The Evolution of Web Scraping: From LWP::Simple to Headless Browsers - HB

Web scraping has evolved from simple one-liners that fetched static HTML into a cat-and-mouse game involving headless browsers, fingerprint evasion, and infrastructure that scales like a distributed system. This article traces that evolution, covers the techniques that matter today, and walks through a fully working Snapchat Discover crawler that extracts post metadata while behaving like a real user.

Introduction

Every data engineer, security researcher, and intelligence analyst has at some point needed data that lives behind a web page. The practice of extracting that data programmatically — web scraping — is as old as the web itself. What started as fetching a URL and parsing its HTML has grown into a discipline with its own tools, countermeasures, and engineering challenges.

At Hunt-Benito, scraping is one of our core competencies. We’ve built crawlers for OSINT collection, price monitoring, competitive intelligence, and security assessment. Over the years the landscape has changed dramatically — and it’s worth understanding both where we came from and where we are now, because the techniques you need depend entirely on what you’re scraping and who’s trying to stop you.

Part 1: Historical Evolution

The Early Web (1993–2000): “Just Fetch the HTML”

The first search engines were crawlers. In 1993, Matthew Gray’s Wandex and JumpStation were among the earliest bots that systematically fetched web pages and indexed them. These were trivially simple — open a TCP socket, send an HTTP GET request, read the response, extract links, repeat.

The tools of this era were basic:

Tool	Language	Year	Notes
`LWP::Simple`	Perl	1995–1996	`get("http://example.com")` — one line to fetch a page
`wget`	C	1996	Recursive download, still widely used today
`libwww-perl` (LWP)	Perl	1995	Full HTTP client library with cookie jars, redirects
`curl`	C	1996	Command-line data transfer, the Swiss Army knife of HTTP
`Web::Scraper`	Perl	2009	CSS/XPath selectors on top of LWP
`Beautiful Soup`	Python	2004	HTML/XML parser tolerant of malformed markup

In this era, scraping was straightforward. Pages were static HTML. There were no CAPTCHAs, no rate limiters, no JavaScript-rendered content. You fetched the page, parsed the HTML, and extracted what you needed. A Perl one-liner could scrape a site:

use LWP::Simple;
my $html = get("http://example.com/products");
# parse $html with regexes or HTML::TreeBuilder

The only challenge was that the web was slow and unreliable. Timeouts, broken connections, and malformed HTML were the real enemies — not anti-bot systems.

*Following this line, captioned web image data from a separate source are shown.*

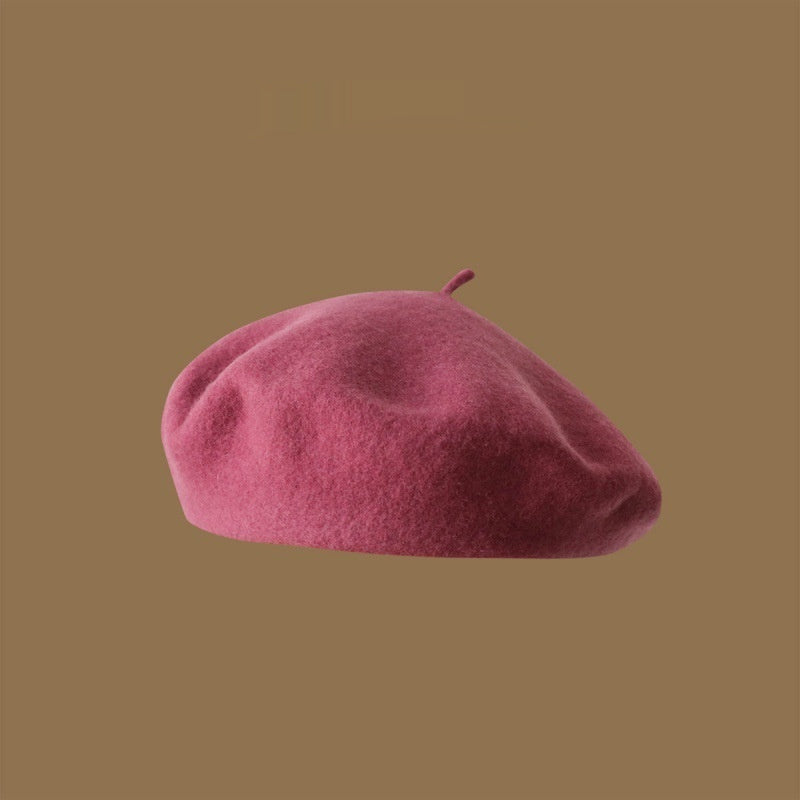 Uld Beret Piger Japansk Stil Kunstnerisk Vintage Malermunkehue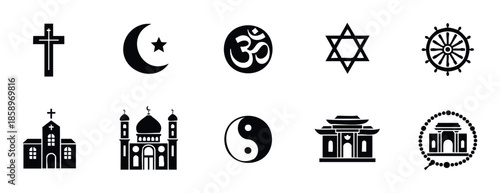 A diverse collection of spiritual symbols and sacred buildings representing various world religions, perfect for educational materials, cultural presentations, and interfaith awareness
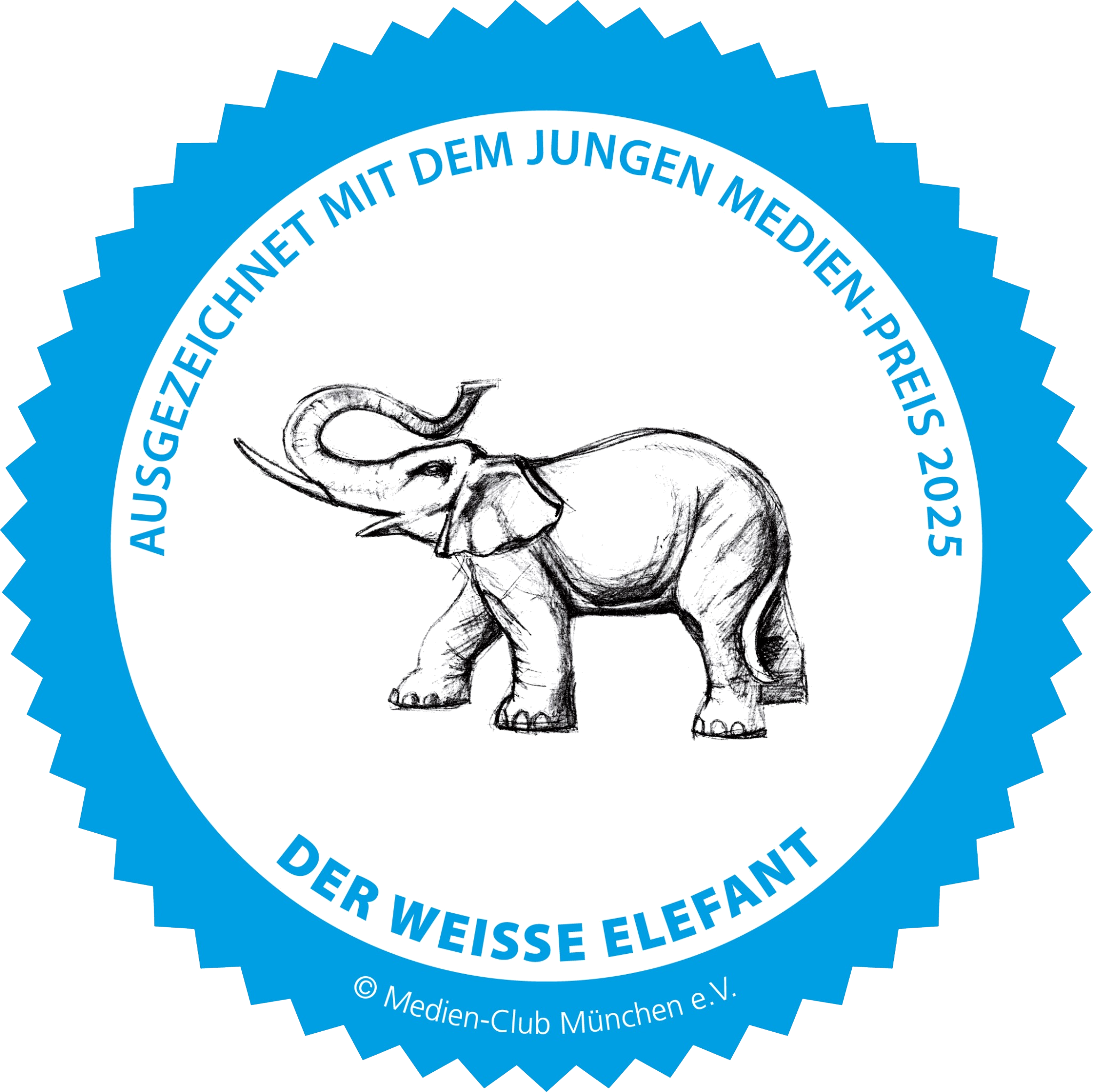 Ein handgezeichnetes Bild eines weißen Elefanten, umgeben von einem blauen Abzeichen mit deutschem Text.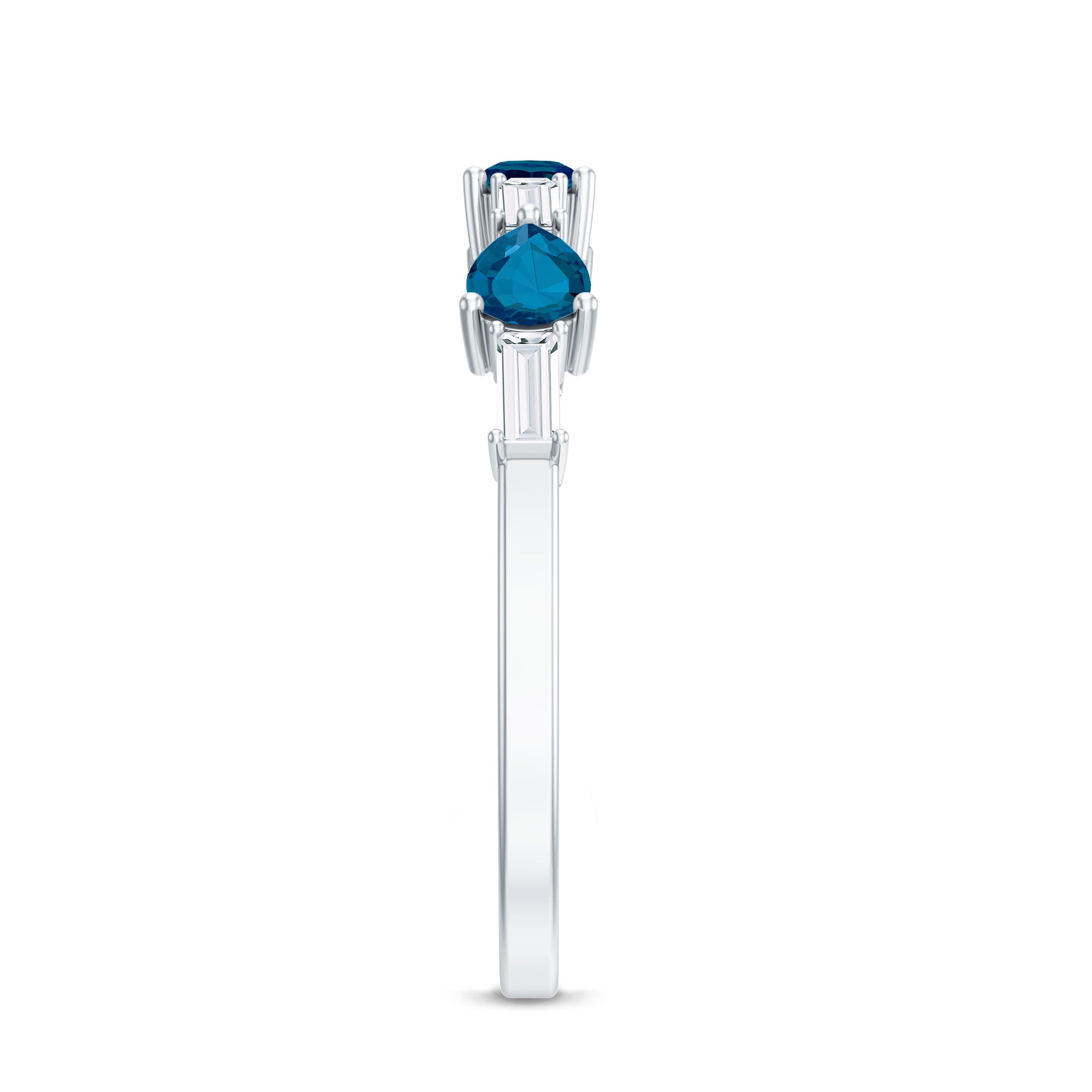 Pear Shape London Blue Topaz Eternity Band with Baguette Diamonds AAA - Rosec Jewels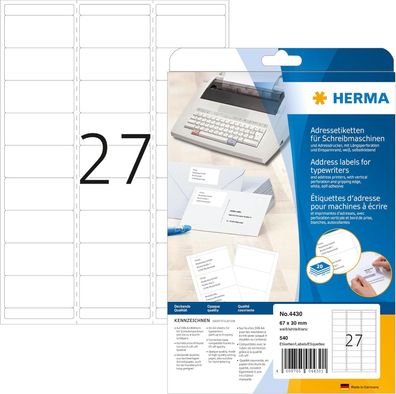 HERMA 4430 Adressetiketten für Schreibmaschinen, 20 Blatt, 67 x 30 mm, 27 pro A4 Boge
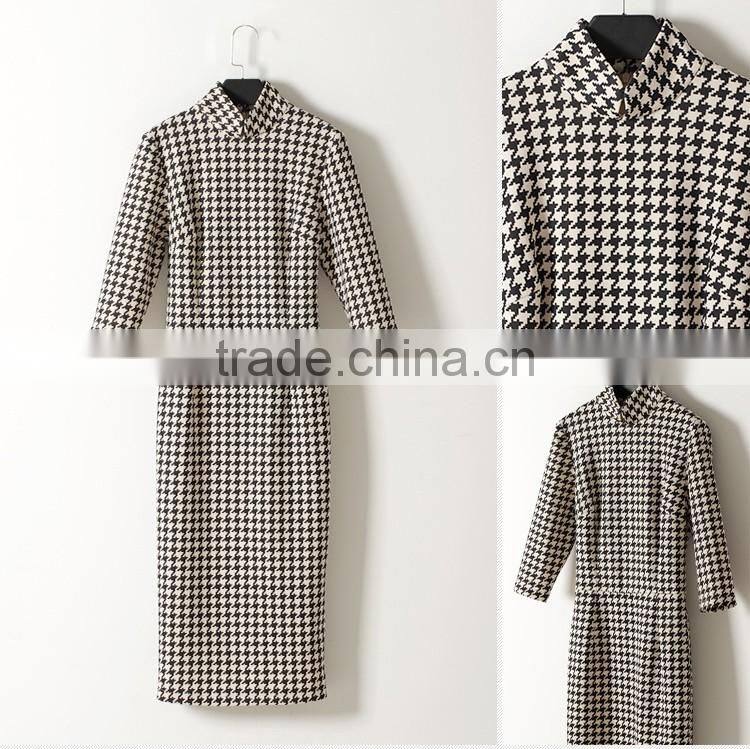 Fashion Design Ladies Houndstooth Dress Slim Fit Stand Collar Bodycon Dress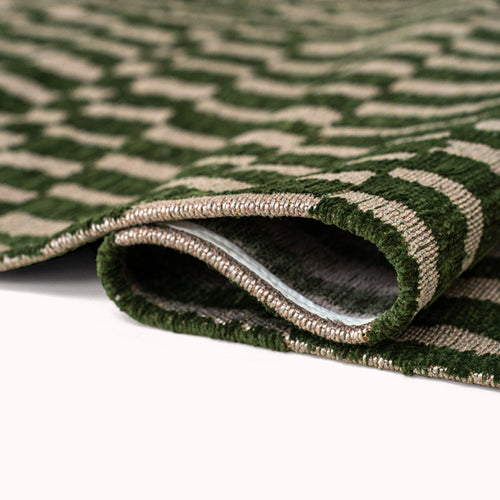 Louis De Poortere binnen & buiten machinewasbaar vloerkleed Structures Berber van 70% gerecycled PET - groen - 235x340cm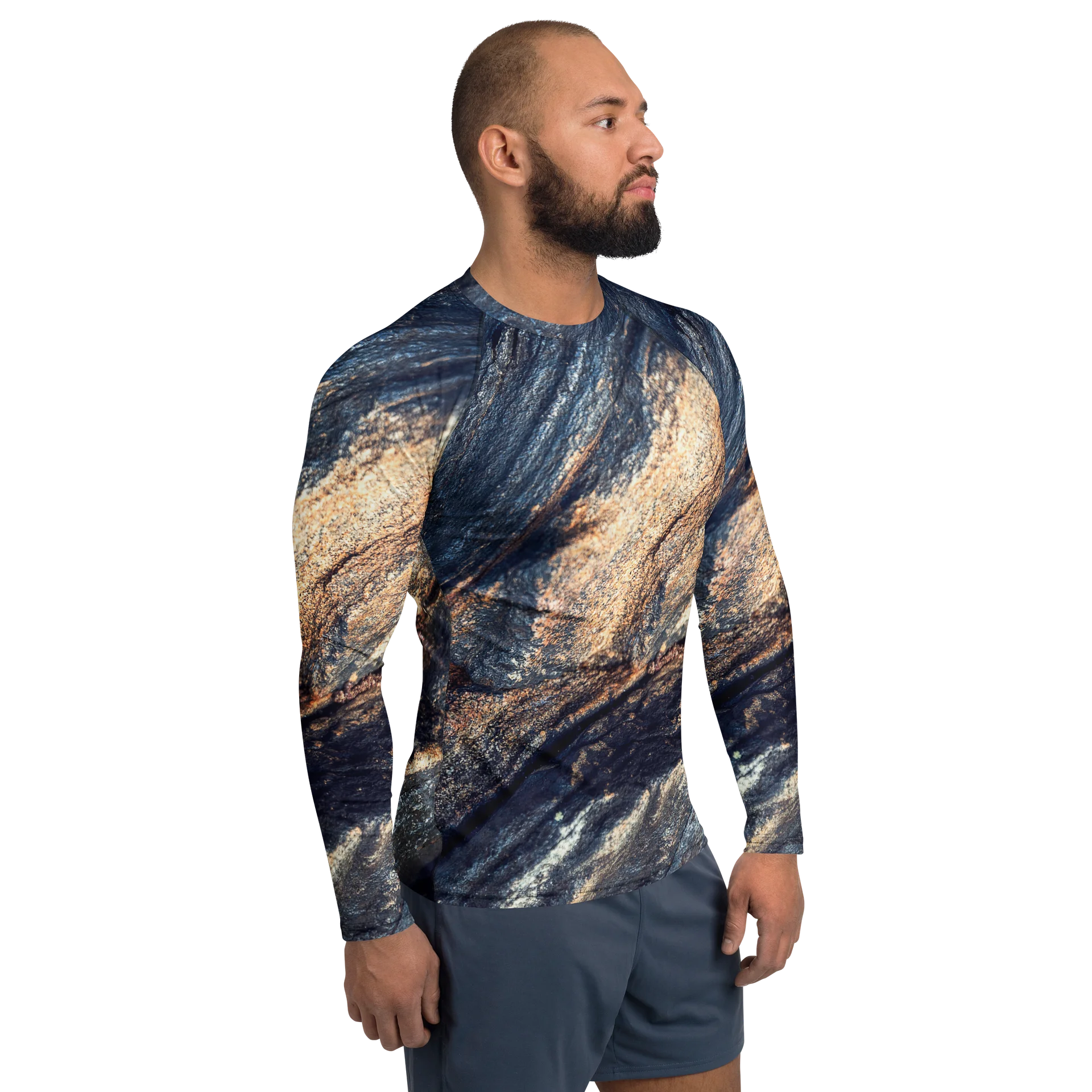 Obsidian Vein All-Over Print Men's Dark Mineral Long Sleeve Rash Guard product image (4)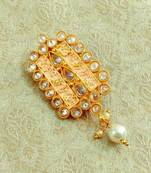 Lalso Stylish Beige Meenakari AD Zircon Matt Finish Saree Pin Brooch - LMSP01_BG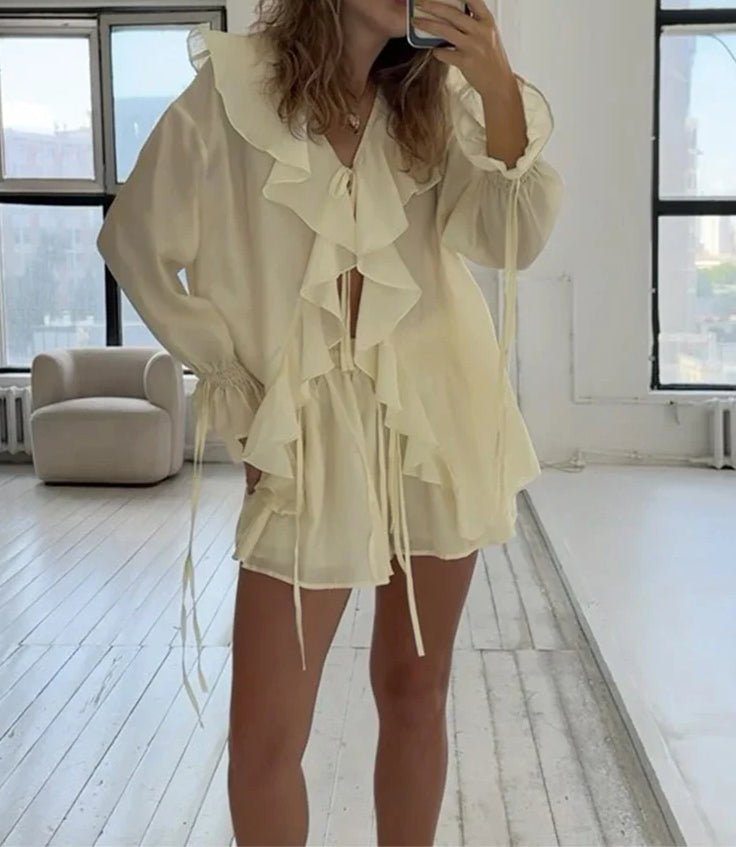 Ensemble Hannah avec haut noué à volants et short
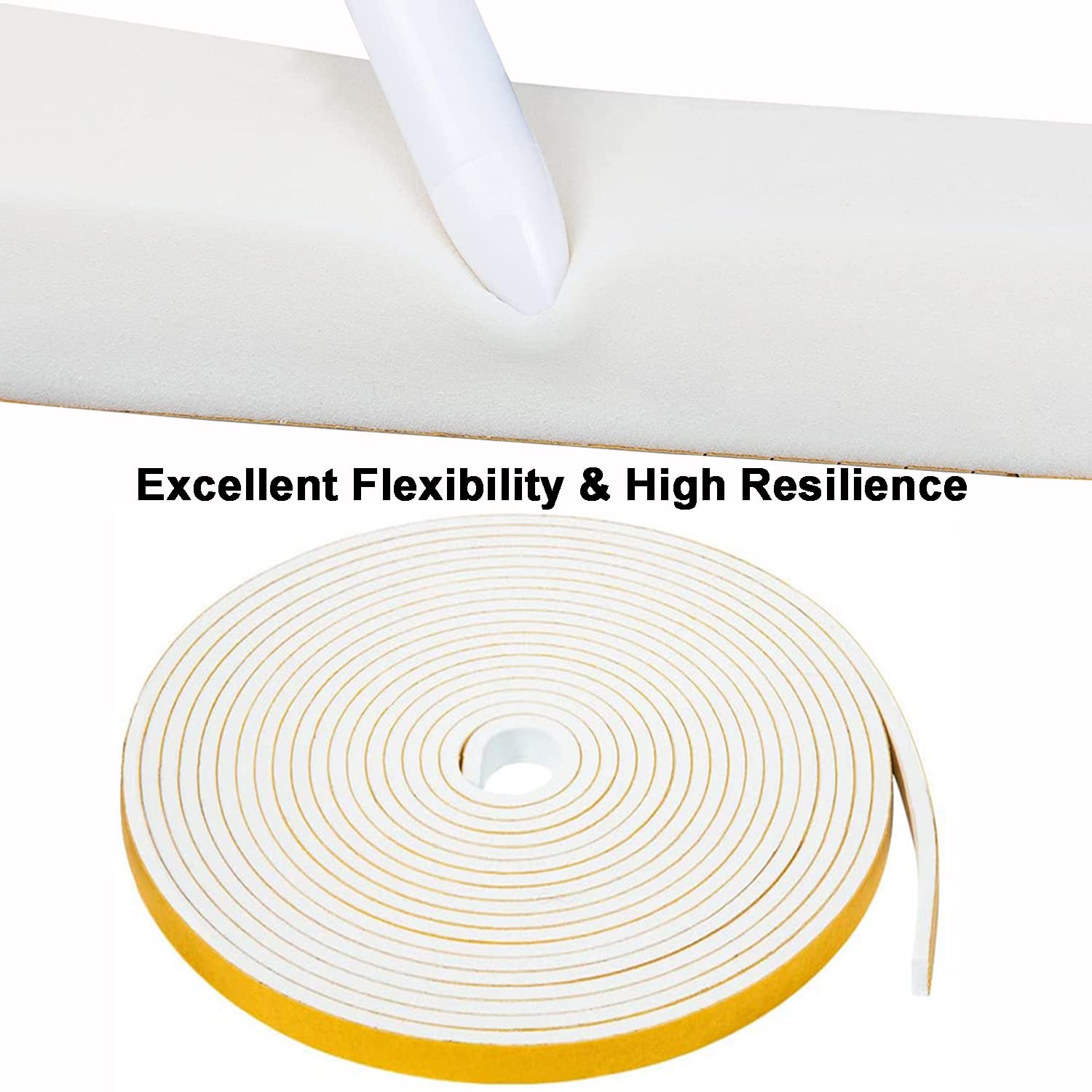Cinta De Sellado Autoadhesiva Para Puertas Y Ventanas, 25 Mm (ancho) X 3 Mm (diámetro)/10 M(L) De Espuma, Junta De Goma Contra Corrientes De Aire Frío/anticolisión/insonorizada/impermeable/resistente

The Ajax Era (2005–2012): JavaScript Changes Everything

Around 2005, two things changed the scraping landscape. First, AJAX (Asynchronous JavaScript and XML) became mainstream. Pages were no longer static HTML — they loaded content dynamically via JavaScript after the initial page load. Second, websites started caring about bots. The first generation of anti-scraping measures appeared: rate limiting, IP blocking, and user-agent filtering.

Tools adapted:

Tool	Language	Year	Approach
Scrapy	Python	2008	Full-featured crawling framework with middleware, pipelines, scheduling
Selenium RC	Java/JS/Python/Ruby	2004 (RC), 2009 (WebDriver)	Browser automation — could execute JavaScript
Mechanize	Python/Ruby/Perl	2003–2010	Headless HTML interaction with cookie/session management
PhantomJS	JavaScript	2011	Headless WebKit — the first widely-used headless browser for scraping

Scrapy was the big leap forward for Python-based scraping. It gave you a proper framework with:
- Spiders: classes that define how to crawl a site
- Middleware: pluggable components for retries, proxies, user-agent rotation
- Pipelines: post-processing hooks for cleaning, deduplicating, and storing data
- Scheduling: URL frontier management with politeness controls

import scrapy

class ProductSpider(scrapy.Spider):
    name = "products"
    start_urls = ["https://example.com/products"]

    def parse(self, response):
        for product in response.css(".product"):
            yield {
                "name": product.css("h2::text").get(),
                "price": product.css(".price::text").get(),
            }
        next_page = response.css("a.next::attr(href)").get()
        if next_page:
            yield response.follow(next_page, callback=self.parse)

This era also saw the first legal battles over scraping. The eBay v. Bidder’s Edge (2000) and hiQ Labs v. LinkedIn (2017) cases established important precedents about the legality of scraping public data — a topic that remains legally complex today.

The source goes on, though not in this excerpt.